The method of manufacturing the integrated circuit device EX1 of FIGS. 6A to 13B, according to an embodiment of the inventive concept, includes forming a fin body 120 on a substrate 110, forming a lower insulating layer 130 on the substrate 110 to expose the fin body 120, and forming a drain extension region 124 in the fin body 120.
In addition, the method of manufacturing an integrated circuit device of FIGS. 6A to 13B, according to an embodiment of the inventive concept, includes forming a gate insulating film 140 to surround the fin body 120, forming a high-permittivity field plate 150 to surround a partial region of the gate insulating film 140, forming a source 121 and a drain 122 in the fin body 120, and forming a double gate 160 on the gate insulating film 150 over the drain extension region 124.
Referring to FIGS. 6A and 6B, the fin body 120 is formed on the substrate 110. The substrate 110 may be a semiconductor such as silicon (Si) or silicon on insulator (SOI). The fin body 120 may be formed by patterning and etching the substrate 110 using a photolithography process so as to protrude upward from the substrate 110. In an embodiment, portions of the substrate 110 are removed to form a protrusion that corresponds to the fin body 120.
Referring to FIGS. 7A and 7B, the lower insulating layer 130 is formed on both sides of the fin body 120. The lower insulating layer 130 may be formed on the substrate 110 on both sides of the fin body 120, and an upper surface of the fin body 120 may be higher than an upper surface of the lower insulating layer 130. In an embodiment, the fin body 120 has two sloped sides and the lower insulating layer 130 is formed on both of the sloped sides.
The fin body 120 may have a form protruding from the lower insulating layer 130. For example, after forming an insulating material layer on the fin body 120 and the substrate 110, the fin body 120 may be exposed by using a chemical mechanical planarization or polishing (CMP) and etching process. A material of the lower insulating layer 130 may include any one of silicon oxide (SiO₂) and silicon nitride (Si₃N₄).
Referring to FIGS. 8A and 8B, a first dummy gate 101 may be formed on the fin body 120 and the lower insulating layer 130. The first dummy gate 101 may be formed by using a patterning process using a lithography process and an etching process. The first dummy gate 101 may include polysilicon (Poly Si) or a photoresist.
Referring to FIGS. 9A and 9B, the channel 123 and the drain extension region 124 may be formed in the fin body 120. For example, the p-type well 103 a and the n-type well 103 b may be formed by injecting a p-type or n-type dopant into the fin body 120 using the first dummy gate 101 as a mask.

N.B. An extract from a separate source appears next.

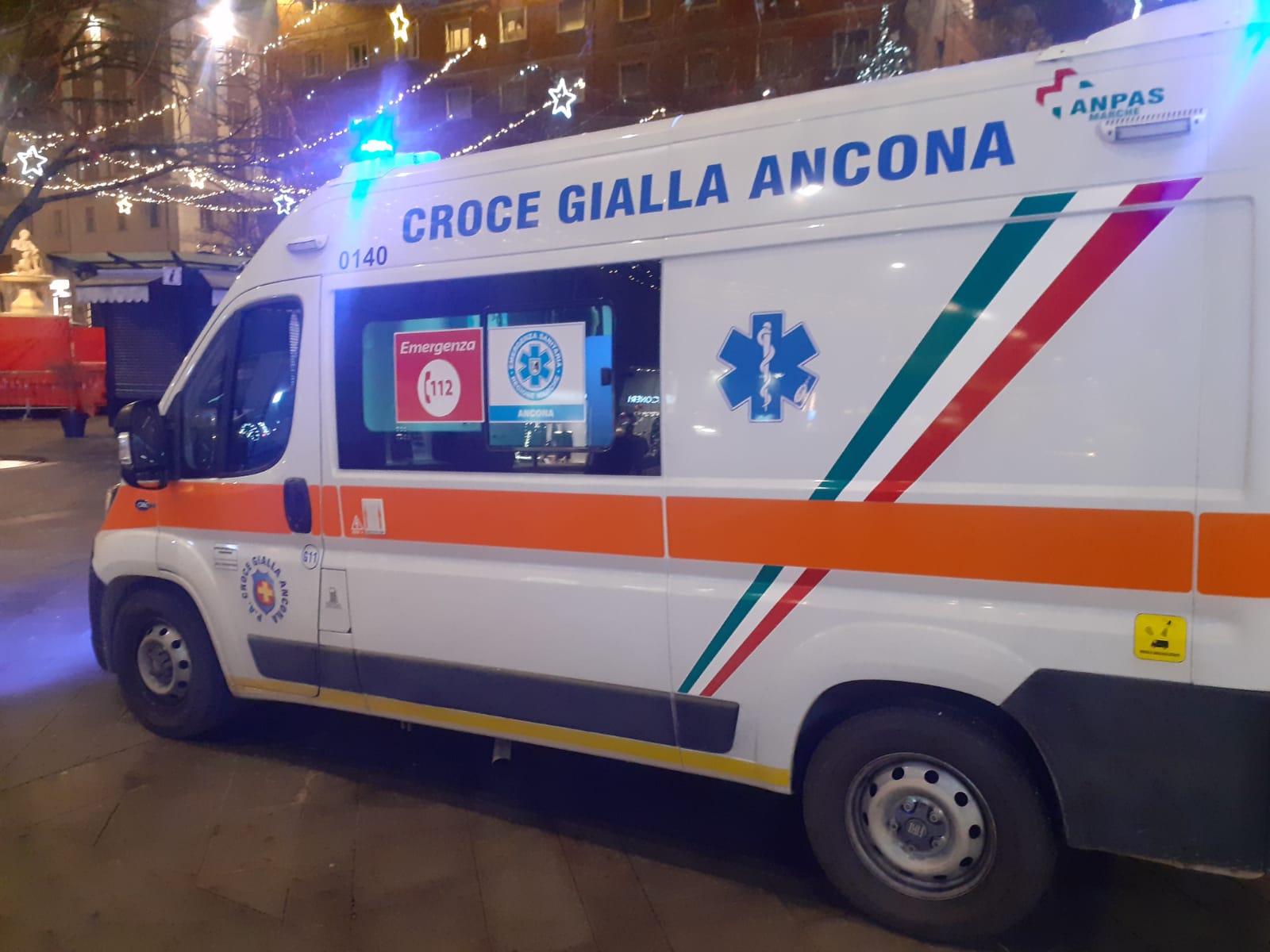 Completamente nudo sotto l’albero di natale in centro: soccorso un uomo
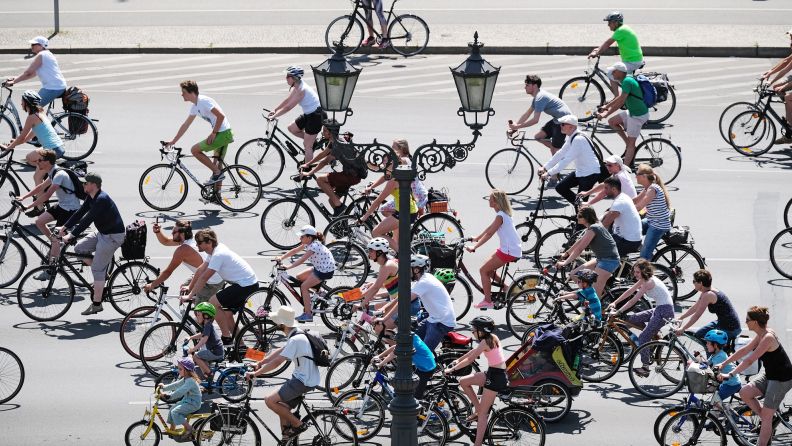Berlín debate entre bicis y coches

Accordingly, the fin body 120 corresponding to a lower portion of the first dummy gate 101 into which the dopant 103 is not injected may function as the channel 123, and the drain extension region 124 may be formed in the fin body 120 excluding the channel 123. A region of the fin body 120 excluding regions in which the source 121 and the drain 122 are formed, as described below, may function as the drain extension region 124.
Referring to FIGS. 10A and 10B, after removing the first dummy gate 101, a gate insulating material film 140′ is formed on the fin body 120 and a high-permittivity field plate material film 150′ is formed on the gate insulating material film 140′ over the fin body 120. The gate insulating material film 140′ may be formed to surround both upper and side surfaces of the fin body 120. The high-permittivity field plate material film 150′ may be formed to surround all of a partial region of the gate insulating material film 140′ surrounding the fin body 120. The high-permittivity field plate material film 150′ may be formed on a portion of the gate insulating material film 140′.

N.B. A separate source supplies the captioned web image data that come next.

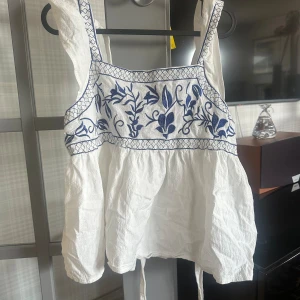 Topp med mönster  - Säljer då den inte kommer till andvändning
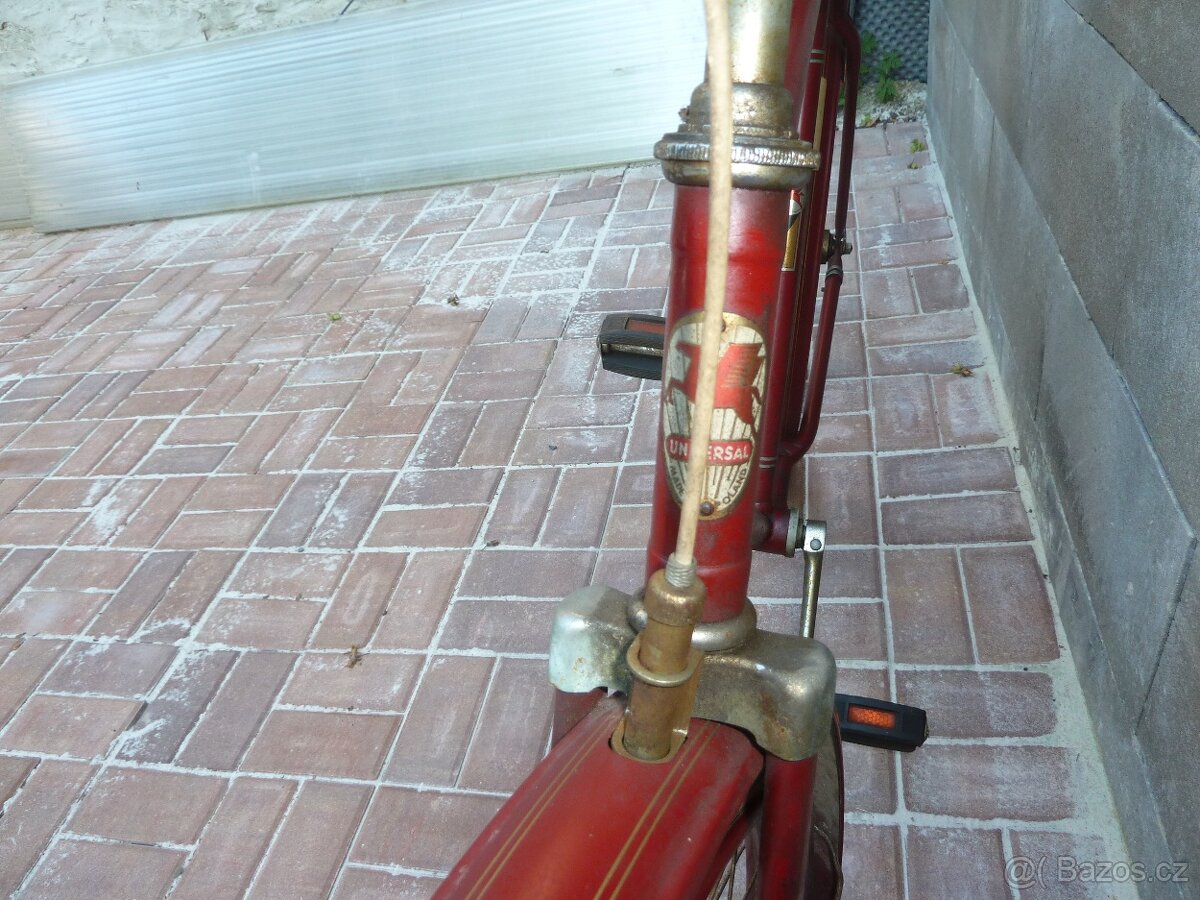 Staré polské jízdní kolo značky Universal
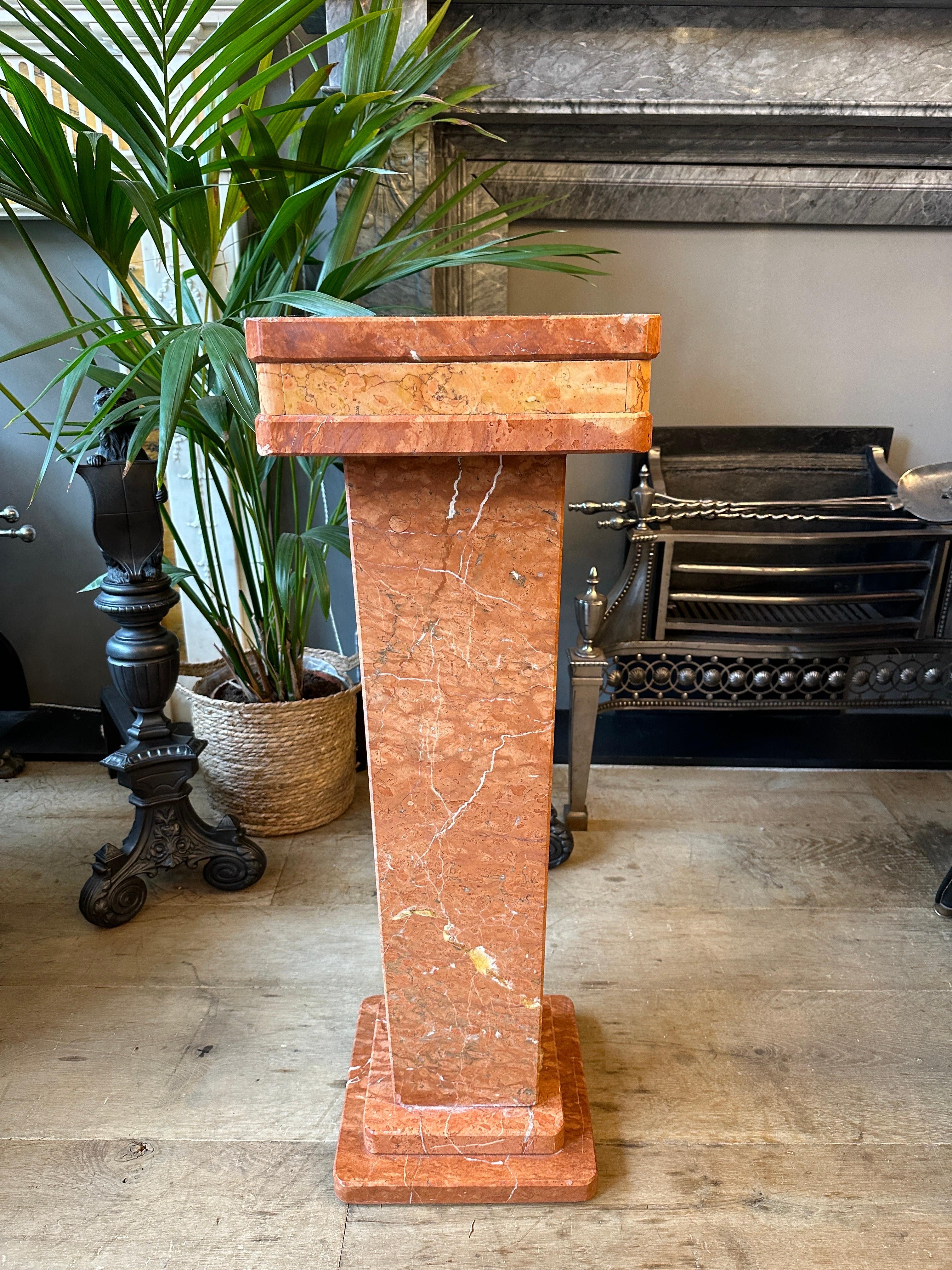 An Italian Rossa Verona Marble Pedestal  In Good Condition For Sale In London, GB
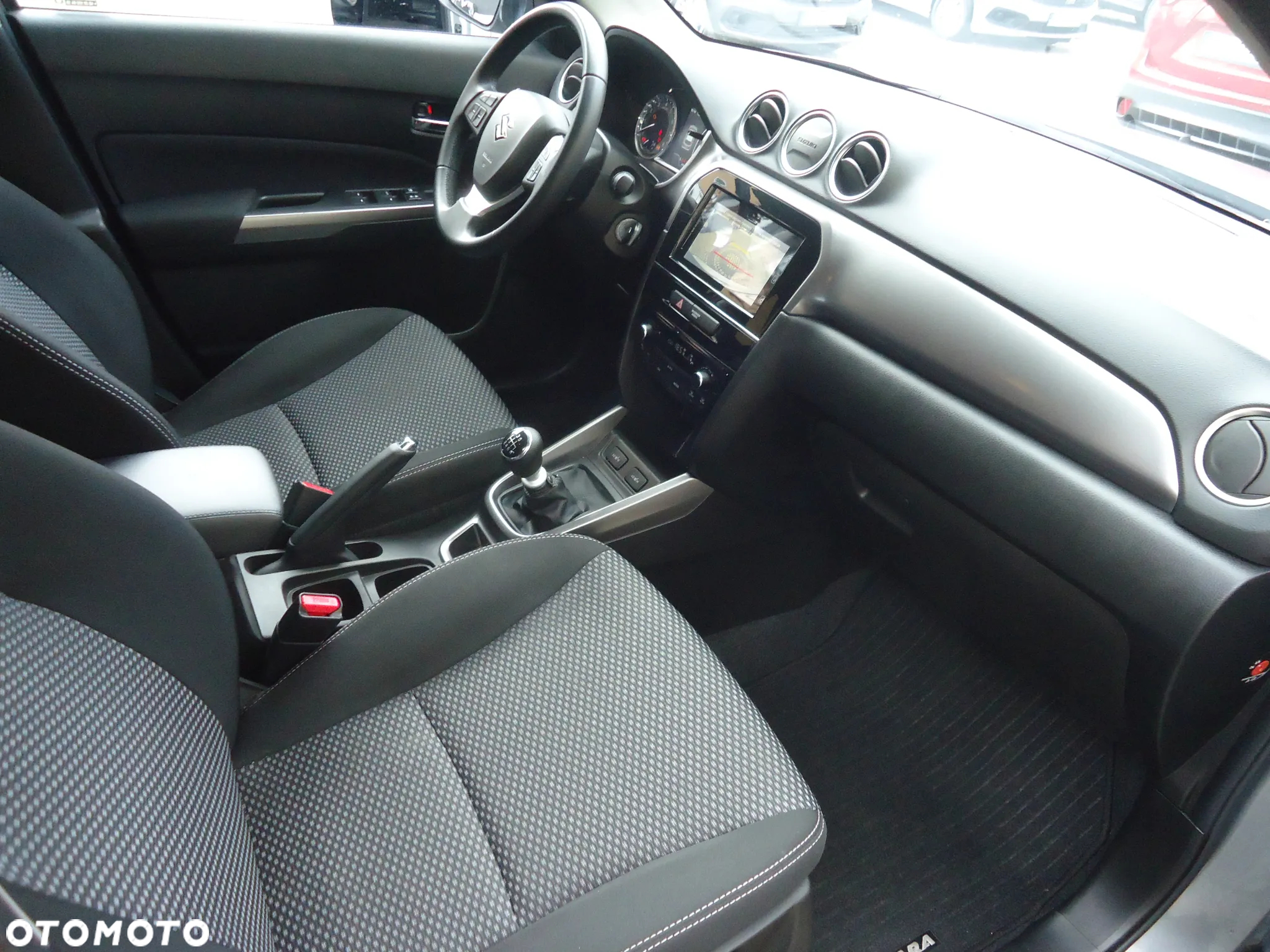 Suzuki Vitara 1.4 Boosterjet Premium 2WD - 16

Referring to FIGS. 11A and 11B, a second dummy gate 102 may be formed on the gate insulating material film 140′ (refer to FIGS. 10A and 10B) and the high-permittivity field plate material film 150′ (refer to FIGS. 10A and 10B). The second dummy gate 102 may be formed by using a patterning process using a lithography process and an etching process. The gate insulating material film 140′ (refer to FIGS. 10A and 10B) and the high-permittivity field plate material film 150′ (refer to FIGS. 10A and 10B) are etched using the second dummy gate 102 as a mask to expose the upper portion of the fin body 120 where the source 121 and drain 122 are formed.

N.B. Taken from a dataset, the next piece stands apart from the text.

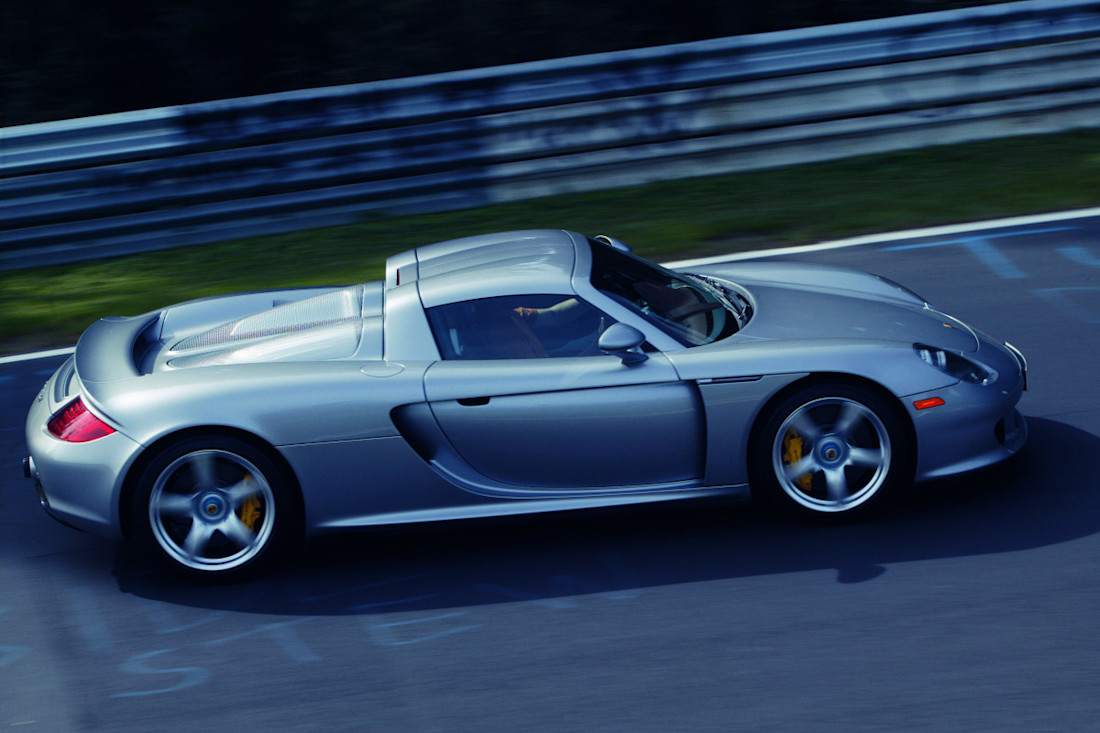 Porsche-Carrera-GT-2003 (1).jpg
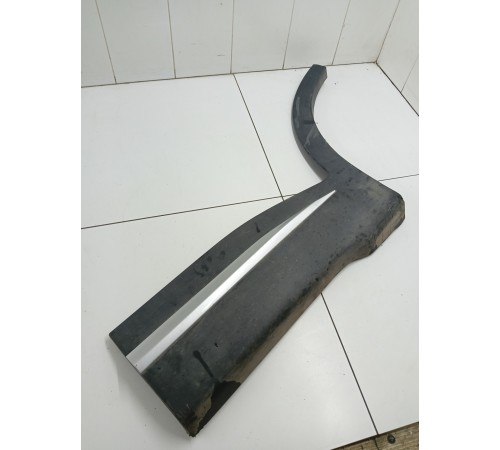 Накладка двери задняя левая нижняя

Accordingly, the gate insulating film 140 and the high-permittivity field plate 150 are formed on the fin body 120. The gate insulating film 140 may be formed to surround both the upper and side surfaces of the fin body 120, and the high-permittivity field plate 150 may be formed to surround a portion of the gate insulating film 140 that surrounds the fin body 120.
Referring to FIGS. 12A and 12B, the source 121 and the drain 122 are formed in the fin body 120. The source 121 and the drain 122 may be formed by implanting a high-concentration n-type dopant into the fin body 120 exposed through the second dummy gate 102. For example, the high-concentration n-type dopant may be implanted in an upper surface of the fin body 120. That is, the source 121 and the drain 122 may be formed in the p-type well 103 a and the n-type well 103 b, respectively. In the n-type well 103 b, a region excluding the region where the drain 122 is formed may become the drain extension region 124.
In some embodiments, after etching a portion of the fin body 120 where the source 121 and the drain 122 are formed using the second dummy gate 102, the source 121 and the drain 122 including the n-type dopant may be formed using a selective epitaxial growth method. As shown in FIG. 12B, the fin body 120 may have a structure in which the source 121, the channel 123, the drain extension region 124, and the drain 122 are sequentially formed.
Referring to FIGS. 13A and 13B, after removing the second dummy gate 102, the double gate 160 may be formed on the gate insulating film 140. The double gate 160 may be formed at a position corresponding to the channel 123 or in a region partially including the channel 123 and the drain extension region 124.
Subsequently, as shown in FIG. 3B, the contact electrode 170 may be formed on the source 121 and the drain 122, respectively. The contact electrode 170 may be formed on the fin body 120 corresponding to the source 121 and the drain 122. In some embodiments, the contact electrode 170 may be formed such that, after forming a separate insulating layer on the outside of the drain extended FinFET, via holes are formed in the insulating layer, and then the contact electrodes 170 are connected to the source 121 and the drain 122 through the via holes.
Hereinafter, electrical characteristics of the integrated circuit devices EX1 to EX3 including the high-permittivity field plate 150 and the double gate 160 described above will be described. In the following drawings, for convenience of description, electrical characteristics of an integrated circuit device DMGFP-FF having a high-permittivity field plate 150 and a double gate 160 according to an embodiment of the inventive concept and an integrated circuit device SMG-FF according to a comparative example are compared.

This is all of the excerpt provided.